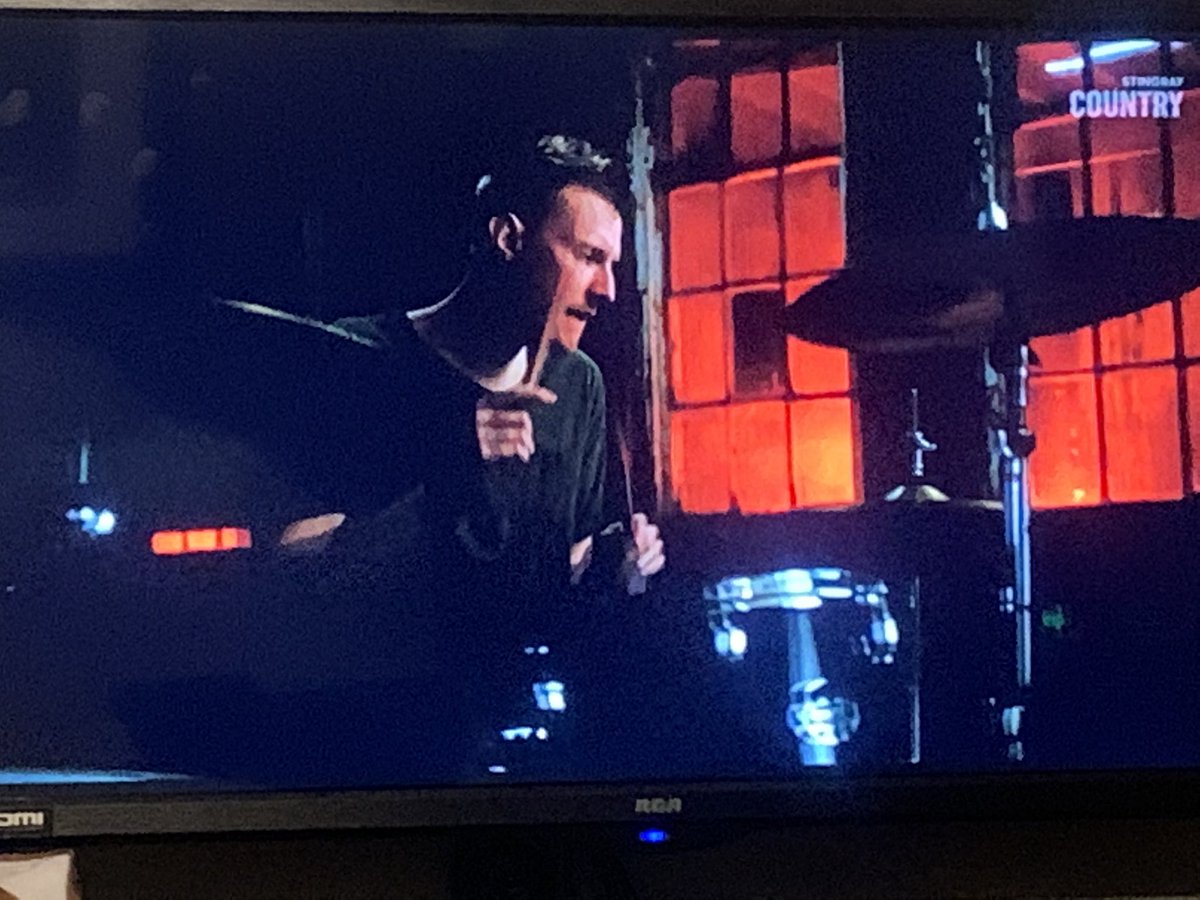 RenegadeStation's tweet photo. So great to see our friends @BuckTwentyBand on @stingray Country Music Channel! Killing it boys!! #allicando #canadiancountry #countrymusic https://t.co/OVbDBpASfi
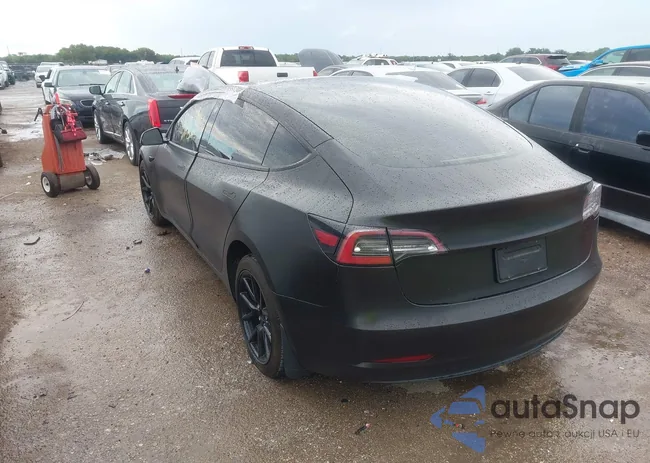 5YJ3E1EA1PF411506: 43263203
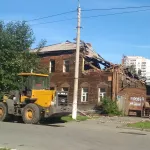 В Барнауле начали сносить 110-летний двухэтажный жилой дом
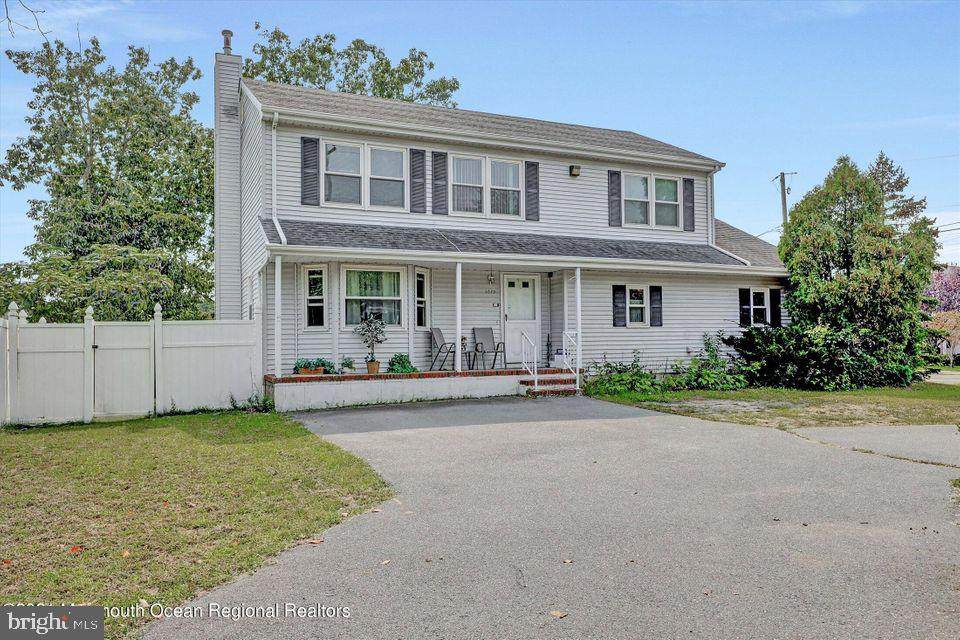 1079 Bay Avenue - Photo 1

- - -

* GOAL OF THE EXERCISE
An exact reproduction of the data is needed, with no pictures included.

* RESULT
 RenegadeStation's tweet photo. So great to see our friends @BuckTwentyBand on @stingray Country Music Channel! Killing it boys!! #allicando #canadiancountry #countrymusic https://t.co/OVbDBpASfi
 5YJ3E1EA1PF411506: 43263203
 В Барнауле начали сносить 110-летний двухэтажный жилой дом
 1079 Bay Avenue - Photo 1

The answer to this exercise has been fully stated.